We review every application as carefully, expertly and impartially as possible. Therefore, we work together with independent advisors. These are experts, such as artists, exhibition makers, critics, art historians, museum employees and others who are able to appreciate the developments of visual art and cultural heritage.
The assessment is subject to guidelines and criteria that objectify the personal views that advisors may have. In addition to quality, the most important criterion, applications are assessed for presentation, development, recognition, and professional and public scope. The assessment is established by mutual agreement between the advisors, who are asked to be generous and to look beyond their own preferences.
The Mondriaan Fund has many grant opportunities. When an advisor has submitted an application himself or the organization for which he works or when the adviser is privately or professionally involved in an application from others, an advisor cannot participate in the concerning advisory meeting. In that case, the consultant will not be invited or the invitation will be withdrawn. If there is involvement in an application, the advisor must inform the Mondriaan Fund as soon as possible. This is laid down in a protocol that is signed by all advisors.
For the formation of committees, which follows an open call, diversity is taken into account. In order to safeguard different visions and perspectives on art and heritage, membership of the committees rotates and all members are only temporarily involved with the Mondriaan Fund. In principle, an advisor is appointed for 2 years, with a possible extension of up to 2 years.

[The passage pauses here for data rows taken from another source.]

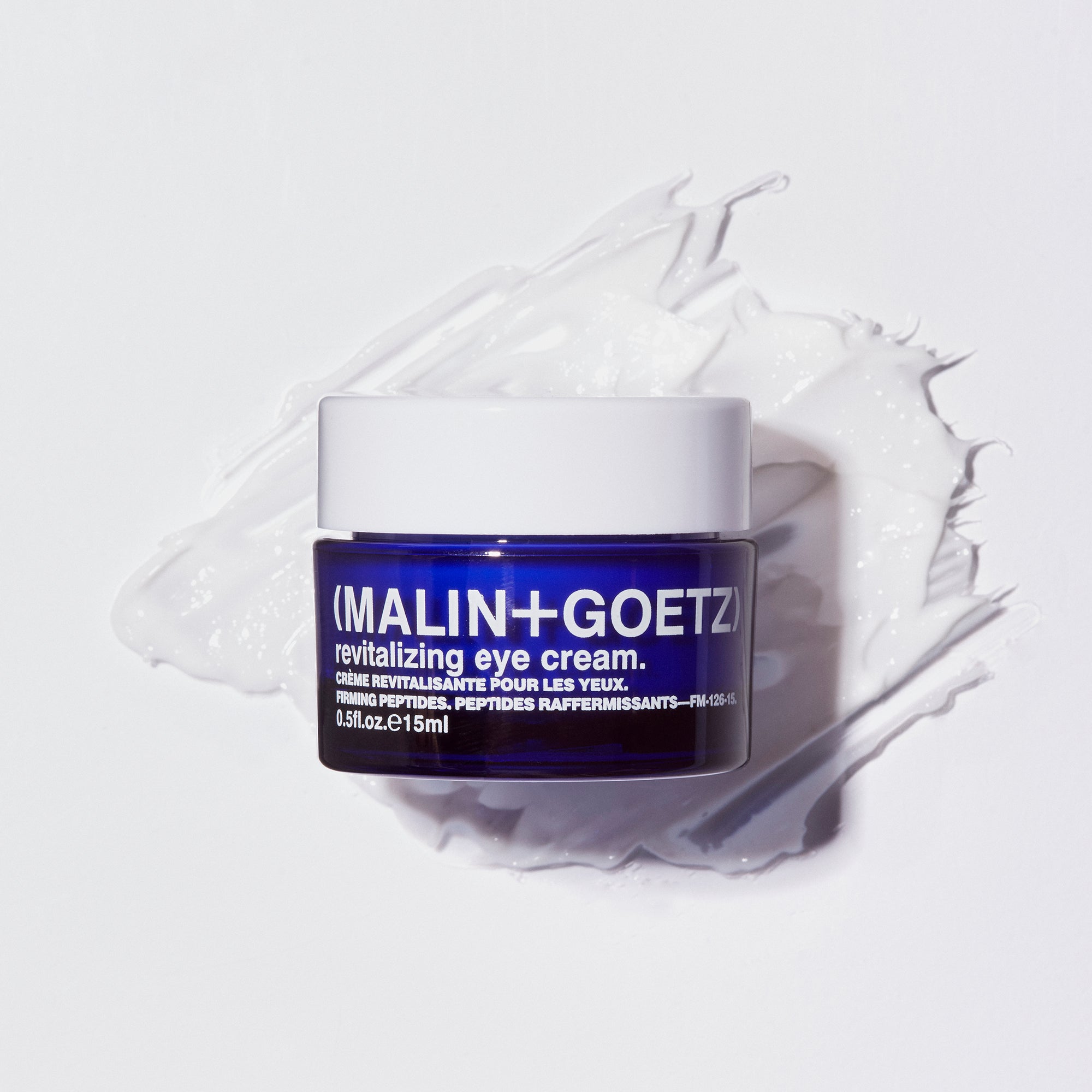 MALIN+GOETZ Revitalizing Eye Cream detalle textura crema contorno ojos skincare premium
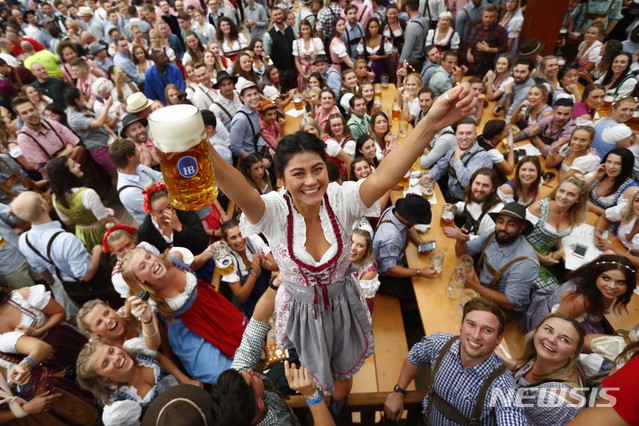【뮌헨(독일)=AP/뉴시스】독일 뮌헨에서 185회 옥토버페스트가 개막한 22일 한 젊은 여성이 맥주를 든 채 테이블 위에 올라서 전세계 최대 맥주 축제의 개막을 축하하고 있다. 2018.9.22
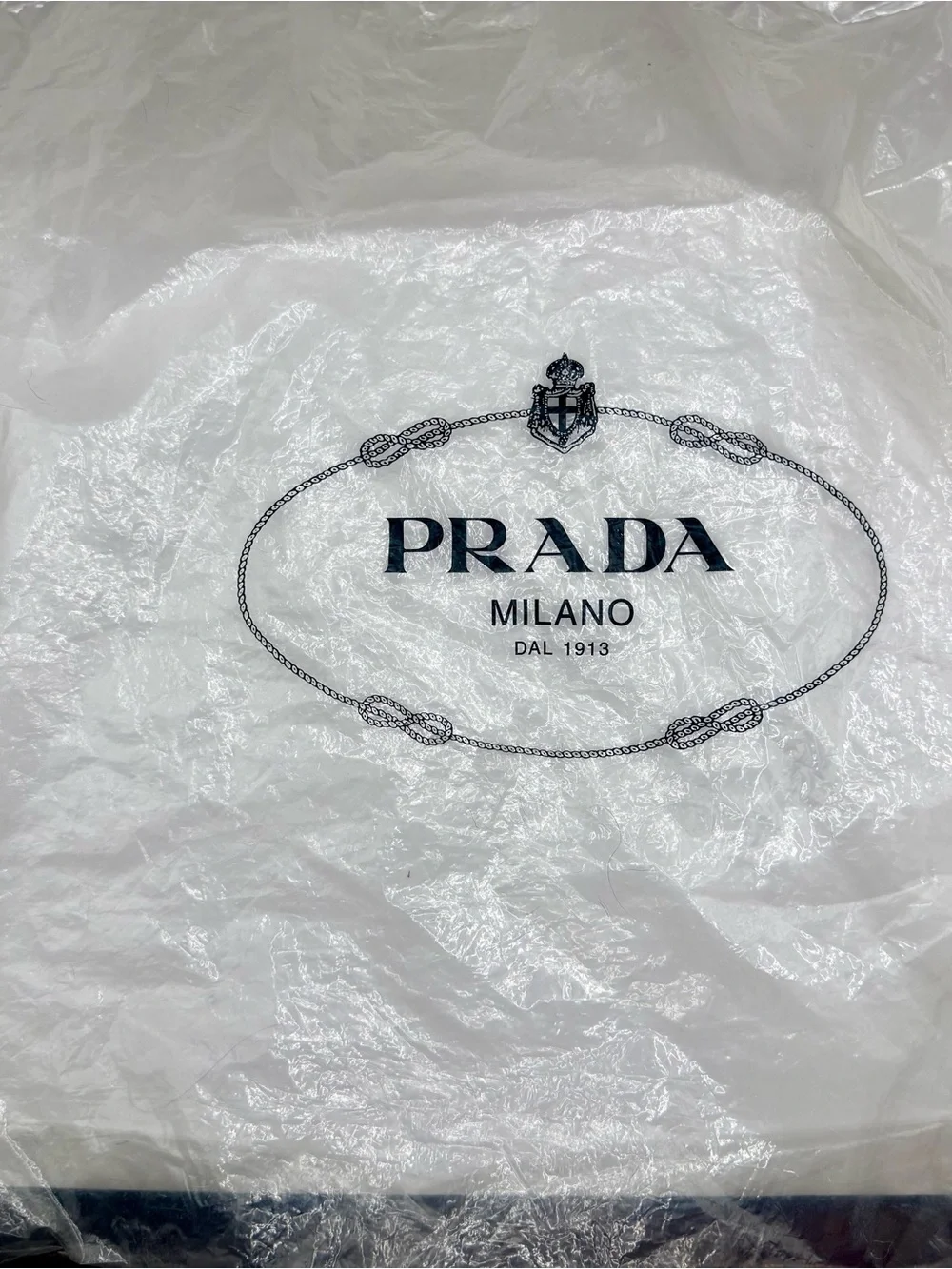 Prada Black Nylon & Leather Bag with Embossed Prada logo.
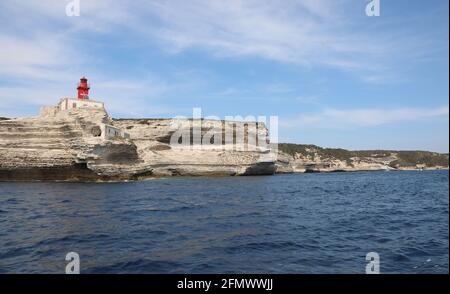 Piccolo Faro Rosso sopra la scogliera a strapiombo vicino alla città Di Bonifacio sull'isola francese chiamata Corsica nel Mar Mediterraneo Foto Stock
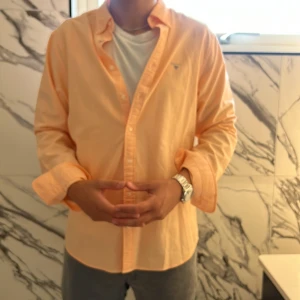 Persikofärgad Oxfordskjorta GANT XL - Snygg persikofärgad Oxfordskjorta från GANT i slim fit. Skjortan har klassisk krage, långa ärmar och knappar framtill. Broderad GANT-logga på bröstet ger en clean och stilren look. Perfekt för dig som gillar preppy stil och vill sticka ut med färg.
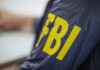 Person wearing FBI jacket, letters in yellow.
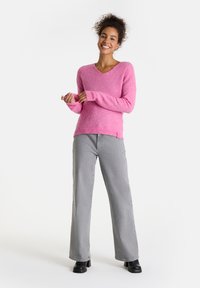 Rosa V-Ausschnitt-Pullover aus weichem Material, kombiniert mit grauen, weit geschnittenen Hosen. Der Pullover hat lange Ärmel und ein dezent seitliches Akzentdetail.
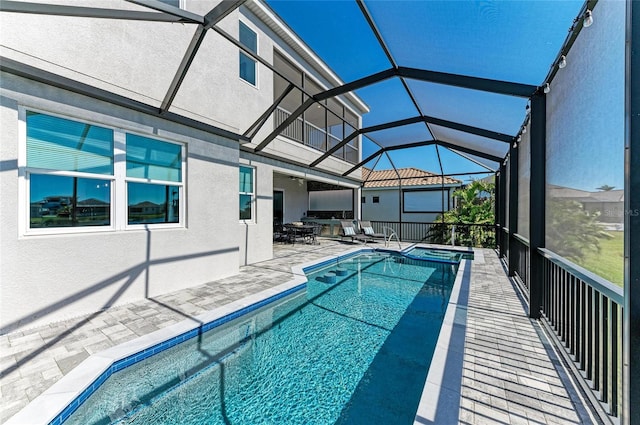 view of pool featuring a lanai, a patio area, a pool with connected hot tub, and a ceiling fan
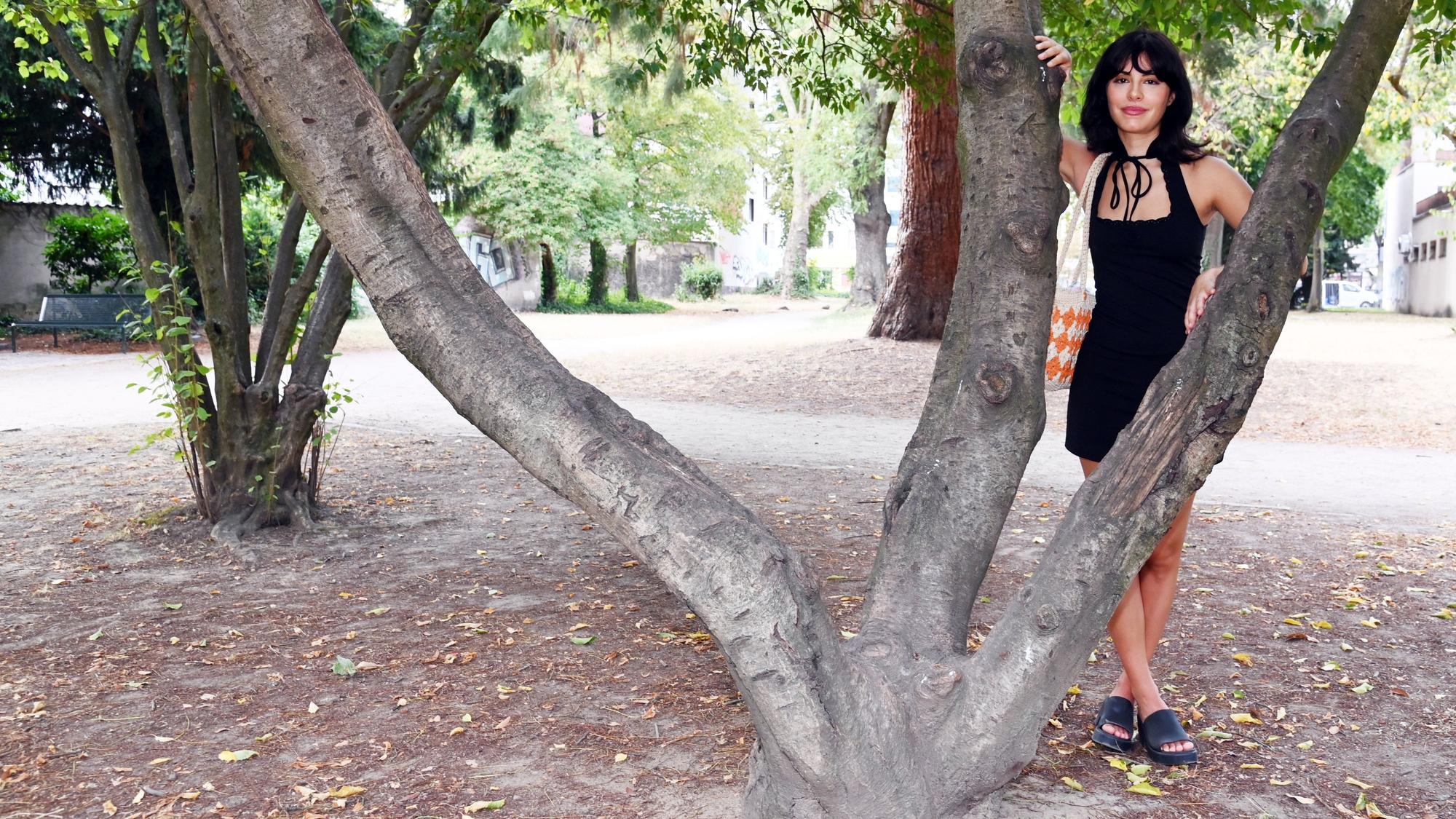 Eine Frau im schwarzen Kleid steht hinter einem Baum, der drei Stämme hat.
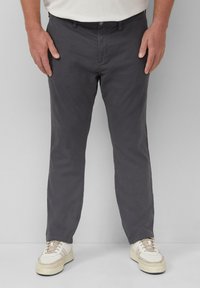 Dunkelgraue Baumwollhose mit geradem Schnitt, Gürtelschlaufen und Fronttaschen, kombiniert mit beigen Sneakers mit strukturiertem Obermaterial.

The Mondriaan Fund works with chairmen for the advisory committees. The members are professionals from all over the country and offer a wide variety of expertise and backgrounds.
Pool of experts
The Mondriaan Fund has a constantly rotating pool of experts with diverse backgrounds and specialisms. Check out who is currently in our pool.
To prevent (the appearance of) a conflict of interest, a protocol has been drawn up that is signed by advisors. Advisors cannot advise on grants for which they apply themselves. In addition, it is examined whether an advisor has an indirect interest in the applications being processed (for example as a curator or member of an advisory board of an institution or as a family member of the applicant).
See below an overview of our advisory committees per grant (in alphabetical order).
When appointing new advisors, we are advised by the selection committee, which is independent. The overall composition of advisory committees plays the most important role when appointing advisors.